> _WHAT YOU HAVE TO DO_: Look through the records below for the line with "Chandelier, Interior, Wood Texture Flooring" and the line with "new 2024 Mercedes-Benz", then return those lines and all lines between, exactly.

> _RECORDED DATA_:
::::

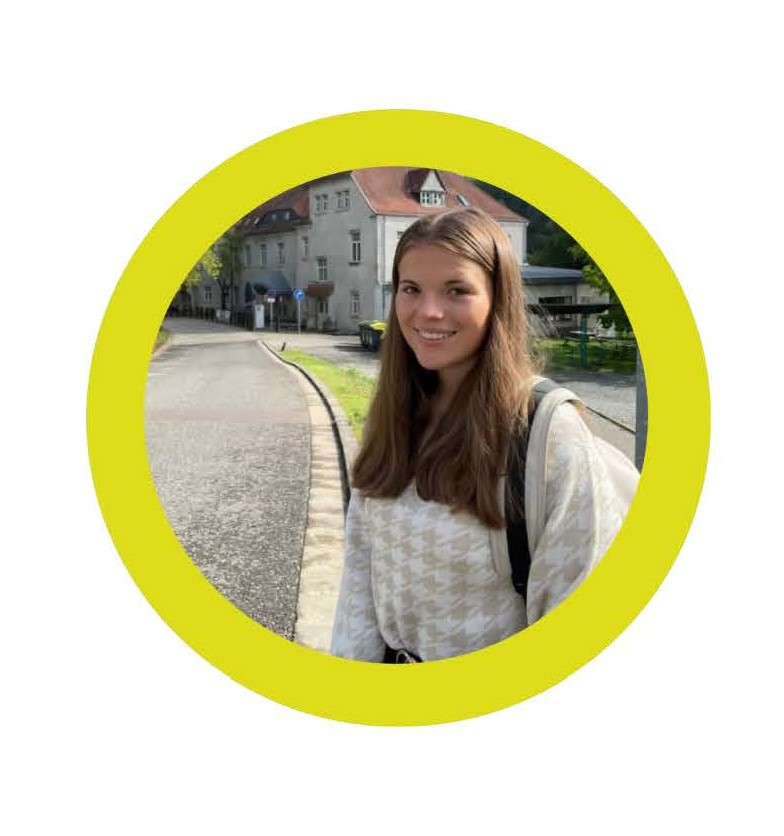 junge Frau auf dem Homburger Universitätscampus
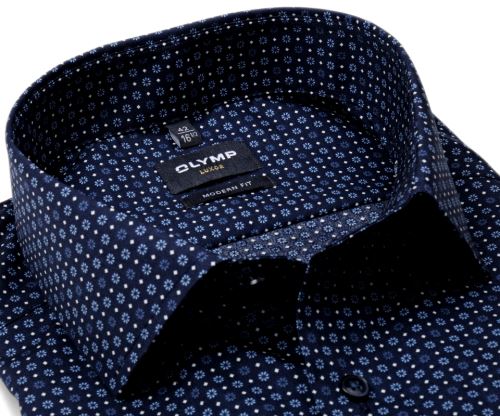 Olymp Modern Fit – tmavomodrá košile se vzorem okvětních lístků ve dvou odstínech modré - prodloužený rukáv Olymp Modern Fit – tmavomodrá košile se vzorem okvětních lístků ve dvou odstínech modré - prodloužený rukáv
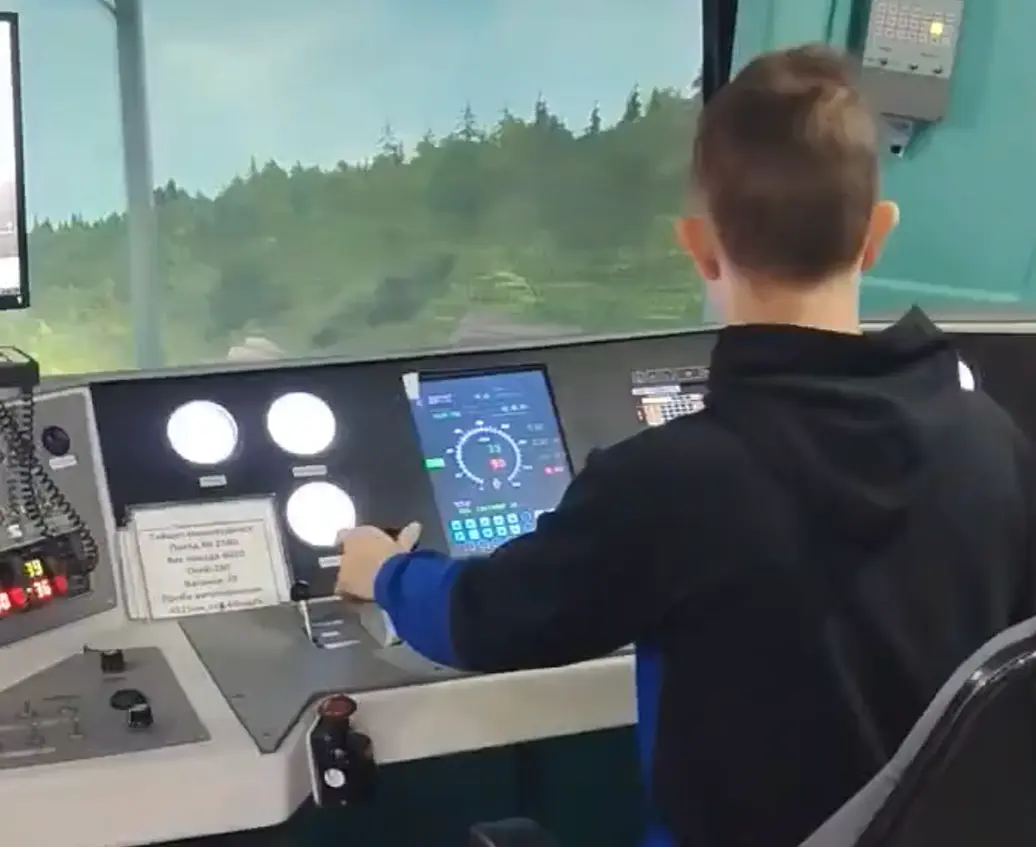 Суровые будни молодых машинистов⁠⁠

::::

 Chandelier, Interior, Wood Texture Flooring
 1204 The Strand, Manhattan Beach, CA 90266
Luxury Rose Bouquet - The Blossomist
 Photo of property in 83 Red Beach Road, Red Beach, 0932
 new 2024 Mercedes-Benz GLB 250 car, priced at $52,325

::::

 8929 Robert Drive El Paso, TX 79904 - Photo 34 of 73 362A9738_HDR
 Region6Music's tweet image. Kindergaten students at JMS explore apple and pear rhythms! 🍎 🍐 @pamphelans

::::

> _RESPONSE TO THE EXERCISE_:
 Chandelier, Interior, Wood Texture Flooring
 1204 The Strand, Manhattan Beach, CA 90266
Luxury Rose Bouquet - The Blossomist
 Photo of property in 83 Red Beach Road, Red Beach, 0932
 new 2024 Mercedes-Benz GLB 250 car, priced at $52,325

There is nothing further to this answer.